(Task statement) The following data has a line with "Et foldet uldtæppe" and a line with "a white cat". Write out exactly those lines and all the lines between them.

[Data records]
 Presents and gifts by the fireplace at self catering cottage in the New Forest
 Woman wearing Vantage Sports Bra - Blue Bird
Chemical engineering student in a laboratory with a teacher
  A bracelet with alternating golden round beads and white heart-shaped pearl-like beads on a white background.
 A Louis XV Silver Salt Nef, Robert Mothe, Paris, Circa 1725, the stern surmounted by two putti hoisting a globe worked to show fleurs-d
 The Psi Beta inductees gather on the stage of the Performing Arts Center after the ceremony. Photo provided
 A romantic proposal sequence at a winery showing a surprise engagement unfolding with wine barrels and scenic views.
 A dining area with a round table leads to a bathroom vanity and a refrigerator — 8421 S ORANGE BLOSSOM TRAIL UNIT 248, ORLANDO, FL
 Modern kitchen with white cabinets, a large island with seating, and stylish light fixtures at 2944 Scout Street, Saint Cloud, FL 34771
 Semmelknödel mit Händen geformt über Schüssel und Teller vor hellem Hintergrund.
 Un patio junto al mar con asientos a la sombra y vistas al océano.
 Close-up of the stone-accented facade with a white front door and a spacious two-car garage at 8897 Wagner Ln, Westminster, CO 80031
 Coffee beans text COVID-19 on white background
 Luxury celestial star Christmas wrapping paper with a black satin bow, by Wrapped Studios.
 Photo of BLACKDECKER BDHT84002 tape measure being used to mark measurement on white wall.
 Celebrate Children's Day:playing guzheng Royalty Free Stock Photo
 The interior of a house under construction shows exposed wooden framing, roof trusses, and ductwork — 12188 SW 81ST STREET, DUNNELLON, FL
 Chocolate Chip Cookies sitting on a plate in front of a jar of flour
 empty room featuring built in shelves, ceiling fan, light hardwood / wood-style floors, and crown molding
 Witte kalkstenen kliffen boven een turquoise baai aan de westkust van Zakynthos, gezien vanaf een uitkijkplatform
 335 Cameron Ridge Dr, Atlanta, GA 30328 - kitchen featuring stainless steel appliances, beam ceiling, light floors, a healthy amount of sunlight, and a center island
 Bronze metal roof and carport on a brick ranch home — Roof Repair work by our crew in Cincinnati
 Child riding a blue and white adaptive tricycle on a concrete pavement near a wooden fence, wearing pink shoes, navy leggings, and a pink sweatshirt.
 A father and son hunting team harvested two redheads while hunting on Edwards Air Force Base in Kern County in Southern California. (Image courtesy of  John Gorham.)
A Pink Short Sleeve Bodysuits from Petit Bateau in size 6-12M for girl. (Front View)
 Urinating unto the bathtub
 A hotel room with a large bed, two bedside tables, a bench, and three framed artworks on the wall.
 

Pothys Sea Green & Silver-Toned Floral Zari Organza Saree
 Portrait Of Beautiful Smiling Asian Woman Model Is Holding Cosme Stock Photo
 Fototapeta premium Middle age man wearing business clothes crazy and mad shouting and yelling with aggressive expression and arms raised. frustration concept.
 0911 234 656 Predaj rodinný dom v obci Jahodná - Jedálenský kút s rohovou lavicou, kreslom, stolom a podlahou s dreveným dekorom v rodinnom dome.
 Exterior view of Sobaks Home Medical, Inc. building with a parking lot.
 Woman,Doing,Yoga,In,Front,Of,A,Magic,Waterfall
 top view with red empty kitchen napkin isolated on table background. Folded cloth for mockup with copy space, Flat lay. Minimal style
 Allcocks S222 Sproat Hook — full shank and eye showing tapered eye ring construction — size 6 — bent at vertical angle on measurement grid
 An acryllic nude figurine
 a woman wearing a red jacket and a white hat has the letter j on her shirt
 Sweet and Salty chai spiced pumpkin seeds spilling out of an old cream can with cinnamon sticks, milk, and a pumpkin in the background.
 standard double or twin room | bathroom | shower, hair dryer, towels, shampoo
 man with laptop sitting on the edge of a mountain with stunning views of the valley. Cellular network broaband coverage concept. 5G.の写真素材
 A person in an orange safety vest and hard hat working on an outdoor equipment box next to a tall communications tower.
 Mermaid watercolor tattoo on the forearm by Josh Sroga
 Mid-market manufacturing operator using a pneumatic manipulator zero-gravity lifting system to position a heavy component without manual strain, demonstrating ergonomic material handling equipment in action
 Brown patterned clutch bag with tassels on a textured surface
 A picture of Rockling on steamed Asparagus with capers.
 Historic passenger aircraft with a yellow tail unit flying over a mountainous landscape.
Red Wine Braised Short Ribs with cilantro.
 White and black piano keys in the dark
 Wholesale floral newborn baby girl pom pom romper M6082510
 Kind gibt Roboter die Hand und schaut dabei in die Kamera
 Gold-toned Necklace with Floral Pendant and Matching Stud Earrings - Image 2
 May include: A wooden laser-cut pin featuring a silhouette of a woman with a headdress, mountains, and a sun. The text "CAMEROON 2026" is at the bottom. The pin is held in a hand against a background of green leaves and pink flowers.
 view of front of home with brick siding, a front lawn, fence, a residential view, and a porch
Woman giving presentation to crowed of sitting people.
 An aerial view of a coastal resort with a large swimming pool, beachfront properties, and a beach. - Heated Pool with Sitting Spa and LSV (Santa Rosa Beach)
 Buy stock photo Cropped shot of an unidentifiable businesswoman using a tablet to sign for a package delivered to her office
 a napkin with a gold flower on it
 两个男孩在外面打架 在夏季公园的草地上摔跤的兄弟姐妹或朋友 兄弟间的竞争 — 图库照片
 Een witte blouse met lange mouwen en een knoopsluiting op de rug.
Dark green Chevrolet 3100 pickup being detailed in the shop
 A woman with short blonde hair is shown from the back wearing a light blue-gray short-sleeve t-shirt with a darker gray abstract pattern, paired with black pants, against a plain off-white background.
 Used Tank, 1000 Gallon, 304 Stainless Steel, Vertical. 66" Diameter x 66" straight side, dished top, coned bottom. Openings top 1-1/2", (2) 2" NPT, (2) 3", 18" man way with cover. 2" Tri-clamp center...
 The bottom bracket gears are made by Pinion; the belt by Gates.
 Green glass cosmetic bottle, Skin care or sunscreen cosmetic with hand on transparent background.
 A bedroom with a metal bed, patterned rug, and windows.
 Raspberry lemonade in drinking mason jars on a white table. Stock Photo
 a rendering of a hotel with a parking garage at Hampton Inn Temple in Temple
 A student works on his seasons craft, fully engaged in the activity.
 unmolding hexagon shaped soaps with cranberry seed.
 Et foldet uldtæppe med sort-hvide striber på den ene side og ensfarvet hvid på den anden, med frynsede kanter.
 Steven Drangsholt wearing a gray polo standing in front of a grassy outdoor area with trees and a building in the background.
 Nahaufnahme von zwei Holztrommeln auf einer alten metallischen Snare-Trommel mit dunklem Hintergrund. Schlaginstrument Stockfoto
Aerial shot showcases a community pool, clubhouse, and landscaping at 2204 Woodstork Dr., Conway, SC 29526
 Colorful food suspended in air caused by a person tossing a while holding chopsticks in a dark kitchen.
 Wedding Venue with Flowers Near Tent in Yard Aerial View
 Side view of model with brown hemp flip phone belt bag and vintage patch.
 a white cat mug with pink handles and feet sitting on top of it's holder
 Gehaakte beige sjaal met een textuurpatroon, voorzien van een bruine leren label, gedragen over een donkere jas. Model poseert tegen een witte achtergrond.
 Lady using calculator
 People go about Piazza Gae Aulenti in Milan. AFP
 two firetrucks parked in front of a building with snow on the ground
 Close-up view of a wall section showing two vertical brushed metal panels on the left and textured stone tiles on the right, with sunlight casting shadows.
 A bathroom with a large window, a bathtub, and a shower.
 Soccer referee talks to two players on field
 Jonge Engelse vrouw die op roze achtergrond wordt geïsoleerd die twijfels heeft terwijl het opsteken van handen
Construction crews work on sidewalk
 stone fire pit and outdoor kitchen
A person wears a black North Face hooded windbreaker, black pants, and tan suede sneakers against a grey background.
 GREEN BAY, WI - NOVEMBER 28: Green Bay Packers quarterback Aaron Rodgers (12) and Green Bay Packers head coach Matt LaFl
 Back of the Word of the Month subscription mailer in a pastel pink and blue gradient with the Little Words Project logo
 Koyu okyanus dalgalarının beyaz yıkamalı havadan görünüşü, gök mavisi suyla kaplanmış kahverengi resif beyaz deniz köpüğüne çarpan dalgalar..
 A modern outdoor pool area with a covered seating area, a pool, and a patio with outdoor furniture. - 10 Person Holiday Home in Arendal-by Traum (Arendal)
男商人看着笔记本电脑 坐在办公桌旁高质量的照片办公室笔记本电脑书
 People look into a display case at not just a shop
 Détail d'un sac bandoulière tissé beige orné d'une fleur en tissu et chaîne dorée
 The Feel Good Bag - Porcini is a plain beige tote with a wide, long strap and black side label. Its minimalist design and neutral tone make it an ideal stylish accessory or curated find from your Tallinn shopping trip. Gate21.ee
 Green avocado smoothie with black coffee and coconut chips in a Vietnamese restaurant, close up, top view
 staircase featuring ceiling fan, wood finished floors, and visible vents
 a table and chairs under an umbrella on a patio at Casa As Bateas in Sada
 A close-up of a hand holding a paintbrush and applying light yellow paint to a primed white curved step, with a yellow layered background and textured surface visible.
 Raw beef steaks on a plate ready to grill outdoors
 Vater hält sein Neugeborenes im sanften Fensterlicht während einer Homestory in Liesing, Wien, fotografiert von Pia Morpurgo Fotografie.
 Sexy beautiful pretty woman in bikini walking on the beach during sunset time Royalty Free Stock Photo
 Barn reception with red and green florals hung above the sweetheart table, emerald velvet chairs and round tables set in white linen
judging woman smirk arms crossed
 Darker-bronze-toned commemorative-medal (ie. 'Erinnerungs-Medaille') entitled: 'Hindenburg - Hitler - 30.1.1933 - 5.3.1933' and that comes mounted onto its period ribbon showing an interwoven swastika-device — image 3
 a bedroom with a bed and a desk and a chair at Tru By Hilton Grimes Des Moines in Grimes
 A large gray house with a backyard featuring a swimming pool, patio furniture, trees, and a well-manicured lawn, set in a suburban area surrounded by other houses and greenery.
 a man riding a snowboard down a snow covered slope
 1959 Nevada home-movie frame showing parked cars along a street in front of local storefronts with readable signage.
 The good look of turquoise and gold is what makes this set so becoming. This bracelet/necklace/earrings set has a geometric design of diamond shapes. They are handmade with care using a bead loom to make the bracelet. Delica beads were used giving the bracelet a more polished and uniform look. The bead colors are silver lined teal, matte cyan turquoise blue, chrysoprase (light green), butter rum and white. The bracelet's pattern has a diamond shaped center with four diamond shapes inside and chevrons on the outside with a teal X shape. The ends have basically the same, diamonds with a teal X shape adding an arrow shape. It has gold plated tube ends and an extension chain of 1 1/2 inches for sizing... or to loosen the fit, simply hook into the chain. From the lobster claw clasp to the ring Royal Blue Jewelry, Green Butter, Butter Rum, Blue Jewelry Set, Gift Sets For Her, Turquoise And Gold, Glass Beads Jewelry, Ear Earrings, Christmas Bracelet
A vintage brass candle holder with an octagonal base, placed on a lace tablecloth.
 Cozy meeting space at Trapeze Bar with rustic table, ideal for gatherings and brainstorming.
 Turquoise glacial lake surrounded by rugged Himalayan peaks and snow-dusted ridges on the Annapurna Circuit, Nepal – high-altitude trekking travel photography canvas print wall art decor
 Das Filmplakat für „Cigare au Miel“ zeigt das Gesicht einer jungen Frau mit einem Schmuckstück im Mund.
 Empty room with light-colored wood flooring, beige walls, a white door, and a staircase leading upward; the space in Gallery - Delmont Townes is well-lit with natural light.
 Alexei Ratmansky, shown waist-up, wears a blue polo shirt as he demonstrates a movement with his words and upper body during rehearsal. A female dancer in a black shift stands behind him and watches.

(Solved problem)
 Et foldet uldtæppe med sort-hvide striber på den ene side og ensfarvet hvid på den anden, med frynsede kanter.
 Steven Drangsholt wearing a gray polo standing in front of a grassy outdoor area with trees and a building in the background.
 Nahaufnahme von zwei Holztrommeln auf einer alten metallischen Snare-Trommel mit dunklem Hintergrund. Schlaginstrument Stockfoto
Aerial shot showcases a community pool, clubhouse, and landscaping at 2204 Woodstork Dr., Conway, SC 29526
 Colorful food suspended in air caused by a person tossing a while holding chopsticks in a dark kitchen.
 Wedding Venue with Flowers Near Tent in Yard Aerial View
 Side view of model with brown hemp flip phone belt bag and vintage patch.
 a white cat mug with pink handles and feet sitting on top of it's holder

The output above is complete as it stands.